# [REQUIRED WORK]
Exactly as they appear, copy the lines from the one holding "Liontuning - Tuningartikel" through the end of the records, leaving pictures out.

(Records drawn from a dataset)
»»
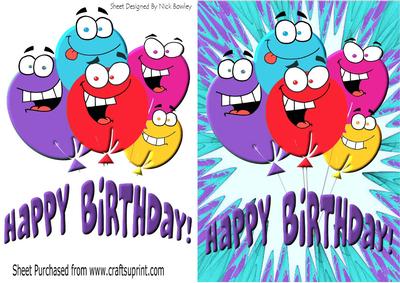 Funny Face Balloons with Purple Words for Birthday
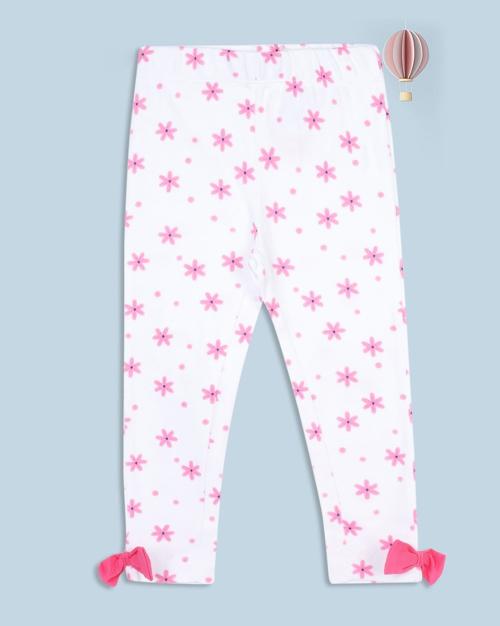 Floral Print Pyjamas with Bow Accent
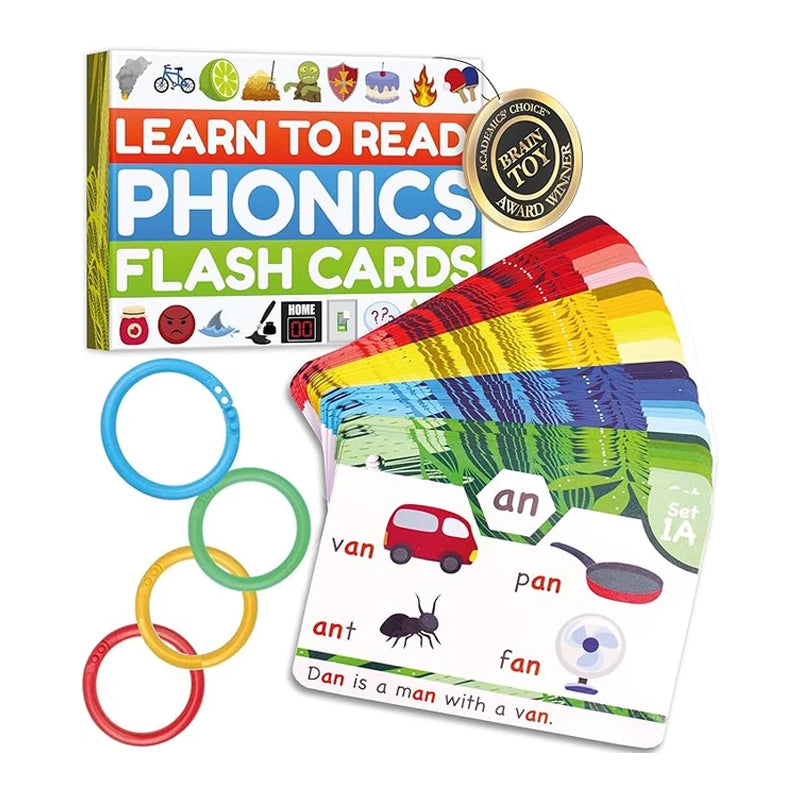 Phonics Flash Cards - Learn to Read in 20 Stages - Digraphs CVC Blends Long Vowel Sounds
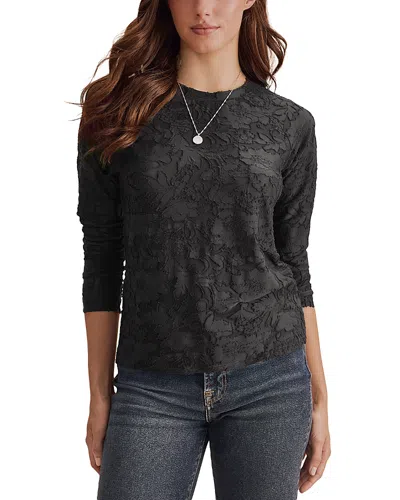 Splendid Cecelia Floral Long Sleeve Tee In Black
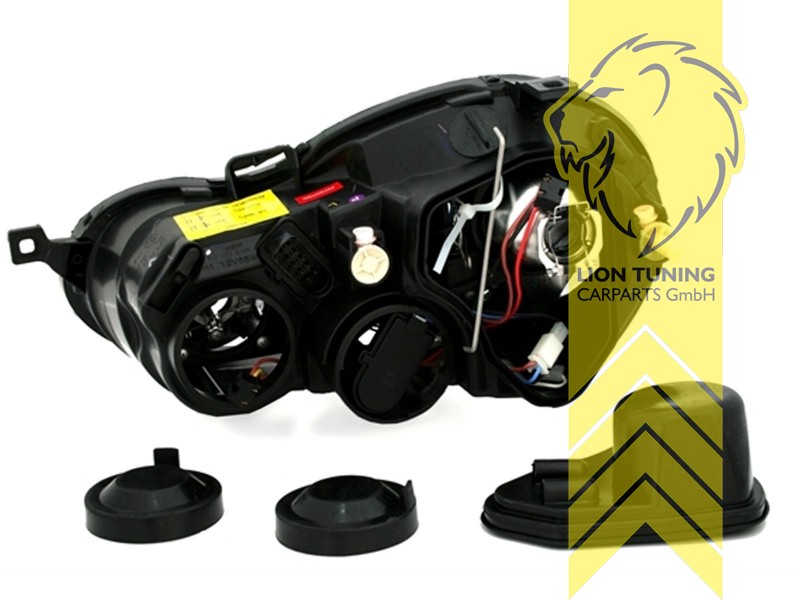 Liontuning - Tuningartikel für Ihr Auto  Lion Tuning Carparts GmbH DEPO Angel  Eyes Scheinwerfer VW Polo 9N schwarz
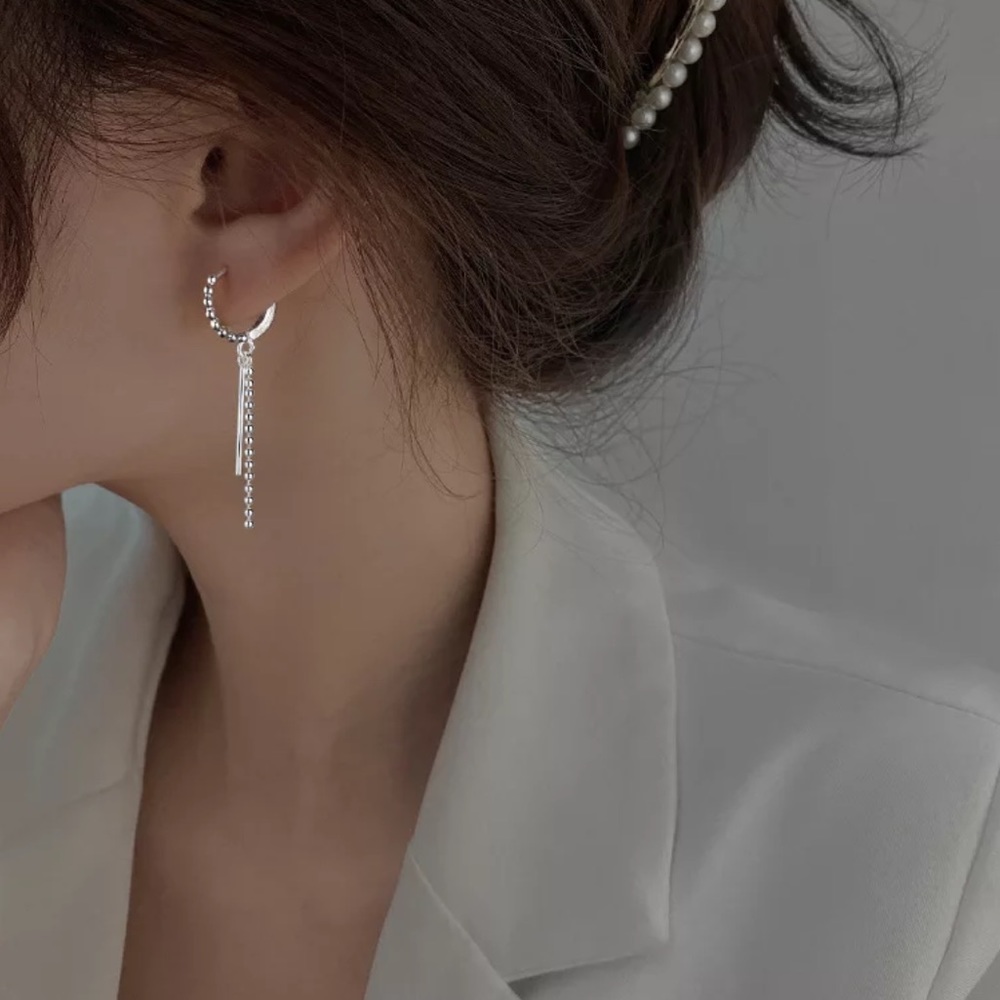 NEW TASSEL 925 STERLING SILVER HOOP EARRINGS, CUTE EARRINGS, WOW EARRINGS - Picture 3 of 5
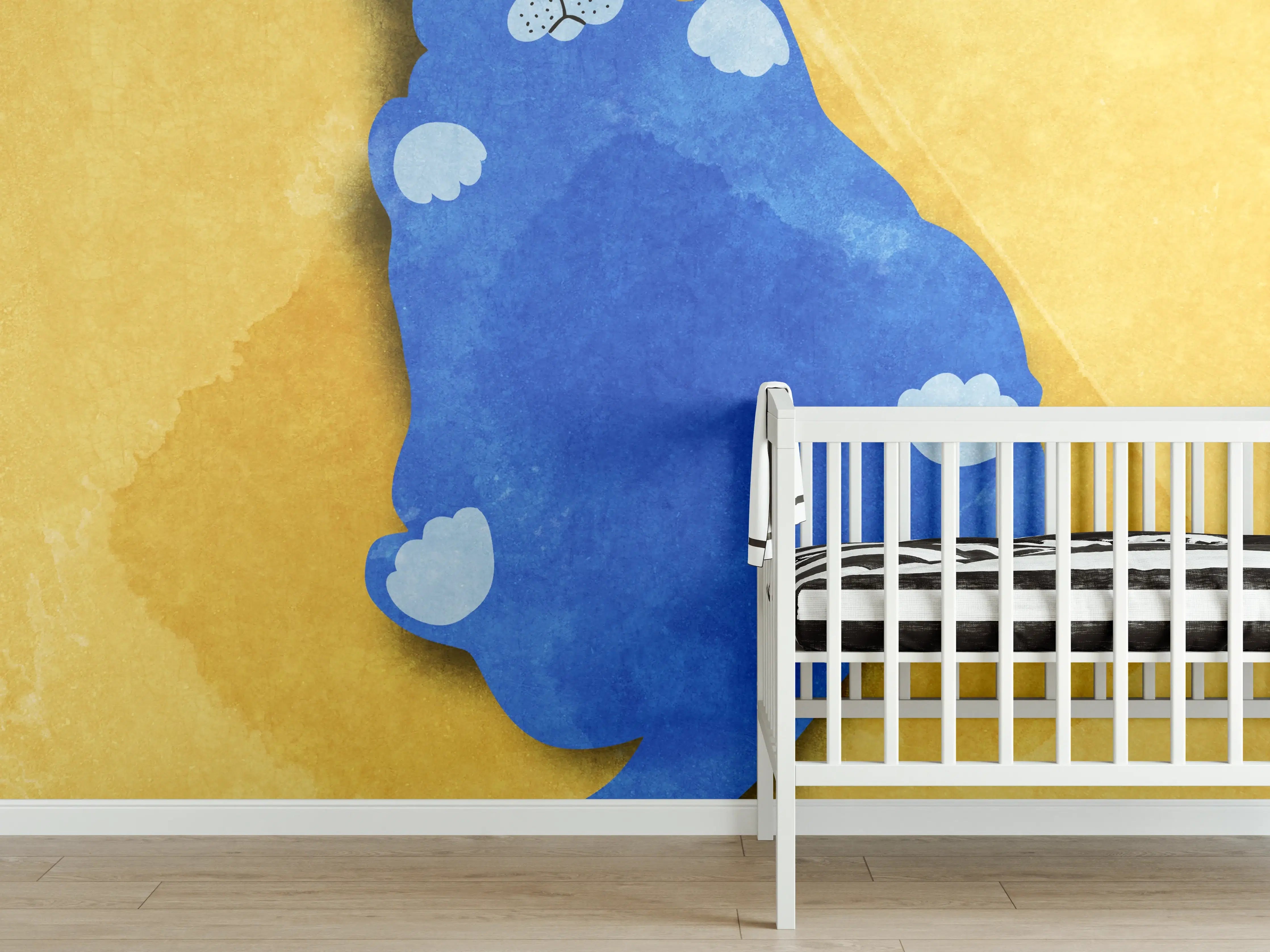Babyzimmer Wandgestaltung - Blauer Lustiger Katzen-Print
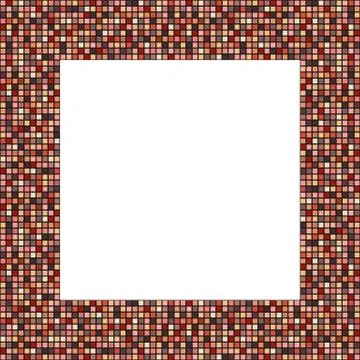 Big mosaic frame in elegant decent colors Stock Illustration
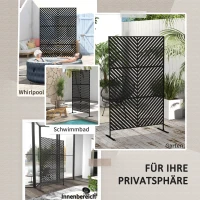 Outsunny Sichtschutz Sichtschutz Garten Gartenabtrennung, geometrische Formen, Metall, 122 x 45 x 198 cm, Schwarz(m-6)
««
# [THE ANSWER]
 Liontuning - Tuningartikel für Ihr Auto  Lion Tuning Carparts GmbH DEPO Angel  Eyes Scheinwerfer VW Polo 9N schwarz
 NEW TASSEL 925 STERLING SILVER HOOP EARRINGS, CUTE EARRINGS, WOW EARRINGS - Picture 3 of 5
Babyzimmer Wandgestaltung - Blauer Lustiger Katzen-Print
 Big mosaic frame in elegant decent colors Stock Illustration
 Outsunny Sichtschutz Sichtschutz Garten Gartenabtrennung, geometrische Formen, Metall, 122 x 45 x 198 cm, Schwarz(m-6)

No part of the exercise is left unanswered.